Stored data
________

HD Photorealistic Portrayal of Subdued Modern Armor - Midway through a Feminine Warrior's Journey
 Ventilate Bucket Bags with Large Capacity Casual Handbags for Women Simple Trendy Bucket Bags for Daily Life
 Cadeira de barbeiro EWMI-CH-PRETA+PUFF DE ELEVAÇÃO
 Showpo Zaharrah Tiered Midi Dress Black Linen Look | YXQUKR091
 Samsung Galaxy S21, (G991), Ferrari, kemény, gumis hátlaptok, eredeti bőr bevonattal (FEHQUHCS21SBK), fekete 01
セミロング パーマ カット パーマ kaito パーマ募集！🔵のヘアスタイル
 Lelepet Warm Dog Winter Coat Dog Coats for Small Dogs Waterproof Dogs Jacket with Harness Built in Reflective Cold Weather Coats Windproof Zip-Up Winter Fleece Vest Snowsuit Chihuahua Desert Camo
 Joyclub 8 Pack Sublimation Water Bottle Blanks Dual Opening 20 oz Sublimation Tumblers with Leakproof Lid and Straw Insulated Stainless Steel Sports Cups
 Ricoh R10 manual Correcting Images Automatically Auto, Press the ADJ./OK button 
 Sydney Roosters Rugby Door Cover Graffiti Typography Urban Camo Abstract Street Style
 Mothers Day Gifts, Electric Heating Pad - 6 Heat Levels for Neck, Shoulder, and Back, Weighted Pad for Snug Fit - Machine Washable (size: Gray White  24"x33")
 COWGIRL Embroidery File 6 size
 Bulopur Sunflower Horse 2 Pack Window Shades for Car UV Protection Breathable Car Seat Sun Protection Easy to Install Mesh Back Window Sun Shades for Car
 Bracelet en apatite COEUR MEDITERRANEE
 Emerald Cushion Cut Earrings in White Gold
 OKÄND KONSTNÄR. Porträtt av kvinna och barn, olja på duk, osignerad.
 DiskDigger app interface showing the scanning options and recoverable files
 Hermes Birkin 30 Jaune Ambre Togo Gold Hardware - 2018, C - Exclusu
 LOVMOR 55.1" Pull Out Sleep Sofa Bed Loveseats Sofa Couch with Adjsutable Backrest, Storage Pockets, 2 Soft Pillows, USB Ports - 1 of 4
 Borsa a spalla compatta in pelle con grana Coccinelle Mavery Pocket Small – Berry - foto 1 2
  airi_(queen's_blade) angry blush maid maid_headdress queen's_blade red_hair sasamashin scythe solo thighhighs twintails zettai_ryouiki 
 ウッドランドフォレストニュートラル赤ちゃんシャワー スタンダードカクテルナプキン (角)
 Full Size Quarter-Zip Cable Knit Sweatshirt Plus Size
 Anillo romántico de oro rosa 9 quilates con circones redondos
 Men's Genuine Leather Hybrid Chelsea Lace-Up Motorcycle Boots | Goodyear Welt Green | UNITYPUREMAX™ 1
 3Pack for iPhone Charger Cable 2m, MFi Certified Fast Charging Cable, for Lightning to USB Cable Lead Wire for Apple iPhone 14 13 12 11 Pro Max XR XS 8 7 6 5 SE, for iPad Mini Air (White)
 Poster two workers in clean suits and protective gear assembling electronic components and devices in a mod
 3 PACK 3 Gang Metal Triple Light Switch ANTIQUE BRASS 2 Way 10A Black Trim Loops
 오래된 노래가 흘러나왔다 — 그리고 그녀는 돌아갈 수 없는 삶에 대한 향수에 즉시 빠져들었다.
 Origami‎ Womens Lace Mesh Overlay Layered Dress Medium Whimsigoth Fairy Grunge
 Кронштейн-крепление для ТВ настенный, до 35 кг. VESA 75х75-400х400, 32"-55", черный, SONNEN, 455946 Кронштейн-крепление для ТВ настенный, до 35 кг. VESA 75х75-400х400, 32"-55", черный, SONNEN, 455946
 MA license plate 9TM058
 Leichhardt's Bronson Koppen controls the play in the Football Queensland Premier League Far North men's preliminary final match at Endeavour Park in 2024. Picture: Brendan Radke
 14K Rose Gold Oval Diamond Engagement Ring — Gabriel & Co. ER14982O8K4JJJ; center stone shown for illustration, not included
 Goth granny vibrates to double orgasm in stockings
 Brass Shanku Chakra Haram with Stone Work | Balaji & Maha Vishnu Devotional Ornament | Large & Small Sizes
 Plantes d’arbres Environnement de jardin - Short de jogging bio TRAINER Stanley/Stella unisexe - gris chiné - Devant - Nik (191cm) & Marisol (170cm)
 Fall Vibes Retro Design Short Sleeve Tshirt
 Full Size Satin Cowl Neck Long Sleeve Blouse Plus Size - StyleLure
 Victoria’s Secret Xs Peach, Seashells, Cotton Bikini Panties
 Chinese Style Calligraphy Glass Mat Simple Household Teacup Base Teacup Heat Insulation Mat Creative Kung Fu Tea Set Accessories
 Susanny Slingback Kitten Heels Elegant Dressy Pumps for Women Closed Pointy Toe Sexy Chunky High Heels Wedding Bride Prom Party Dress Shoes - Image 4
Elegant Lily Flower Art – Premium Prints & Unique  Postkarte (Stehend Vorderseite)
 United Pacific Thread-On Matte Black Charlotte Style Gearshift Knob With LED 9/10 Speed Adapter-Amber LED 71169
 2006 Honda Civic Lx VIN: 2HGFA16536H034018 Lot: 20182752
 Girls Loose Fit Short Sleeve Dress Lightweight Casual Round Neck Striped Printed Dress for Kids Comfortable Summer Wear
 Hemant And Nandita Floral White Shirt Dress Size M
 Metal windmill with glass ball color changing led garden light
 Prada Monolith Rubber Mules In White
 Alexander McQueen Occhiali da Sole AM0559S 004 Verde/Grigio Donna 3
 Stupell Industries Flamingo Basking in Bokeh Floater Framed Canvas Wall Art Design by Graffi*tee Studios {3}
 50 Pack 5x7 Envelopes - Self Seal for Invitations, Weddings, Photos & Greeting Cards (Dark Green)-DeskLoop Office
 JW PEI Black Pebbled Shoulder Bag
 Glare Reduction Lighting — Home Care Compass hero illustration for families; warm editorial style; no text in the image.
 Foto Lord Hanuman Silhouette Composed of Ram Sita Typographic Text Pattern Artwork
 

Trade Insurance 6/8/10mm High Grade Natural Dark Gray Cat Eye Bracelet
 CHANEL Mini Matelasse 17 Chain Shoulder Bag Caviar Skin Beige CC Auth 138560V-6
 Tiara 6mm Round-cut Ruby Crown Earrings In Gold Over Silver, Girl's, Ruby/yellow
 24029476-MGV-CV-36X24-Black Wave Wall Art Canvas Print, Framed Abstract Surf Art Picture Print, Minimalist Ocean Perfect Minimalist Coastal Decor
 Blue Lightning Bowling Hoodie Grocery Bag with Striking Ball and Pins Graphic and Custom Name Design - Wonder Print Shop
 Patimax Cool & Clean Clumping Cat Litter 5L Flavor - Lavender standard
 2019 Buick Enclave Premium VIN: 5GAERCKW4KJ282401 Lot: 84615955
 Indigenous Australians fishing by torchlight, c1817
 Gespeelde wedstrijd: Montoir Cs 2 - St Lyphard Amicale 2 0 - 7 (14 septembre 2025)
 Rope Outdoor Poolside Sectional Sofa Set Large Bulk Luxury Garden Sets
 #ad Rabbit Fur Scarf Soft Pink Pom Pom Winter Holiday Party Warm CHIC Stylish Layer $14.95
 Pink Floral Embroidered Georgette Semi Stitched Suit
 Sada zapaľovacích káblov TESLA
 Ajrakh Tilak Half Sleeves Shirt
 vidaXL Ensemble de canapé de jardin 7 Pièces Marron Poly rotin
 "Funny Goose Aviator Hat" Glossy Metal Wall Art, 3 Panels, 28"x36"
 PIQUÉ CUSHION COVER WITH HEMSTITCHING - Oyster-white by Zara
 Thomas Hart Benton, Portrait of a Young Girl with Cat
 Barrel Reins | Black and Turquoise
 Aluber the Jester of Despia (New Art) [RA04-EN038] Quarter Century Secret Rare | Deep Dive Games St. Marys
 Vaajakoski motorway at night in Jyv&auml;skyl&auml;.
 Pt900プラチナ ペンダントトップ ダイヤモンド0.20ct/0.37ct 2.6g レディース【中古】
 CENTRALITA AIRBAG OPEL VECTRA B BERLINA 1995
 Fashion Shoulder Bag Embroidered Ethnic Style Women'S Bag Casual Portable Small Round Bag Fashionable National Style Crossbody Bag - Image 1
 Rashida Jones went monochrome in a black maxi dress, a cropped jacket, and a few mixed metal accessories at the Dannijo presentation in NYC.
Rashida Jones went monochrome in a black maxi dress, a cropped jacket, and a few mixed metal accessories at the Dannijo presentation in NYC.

________

Your goal
All that belongs in your answer is the stretch of entries above from the line with "Stupell Industries Flamingo" through the line with "JW PEI Black Pebbled Shoulder Bag", printed exactly.

Answer for this exercise
 Stupell Industries Flamingo Basking in Bokeh Floater Framed Canvas Wall Art Design by Graffi*tee Studios {3}
 50 Pack 5x7 Envelopes - Self Seal for Invitations, Weddings, Photos & Greeting Cards (Dark Green)-DeskLoop Office
 JW PEI Black Pebbled Shoulder Bag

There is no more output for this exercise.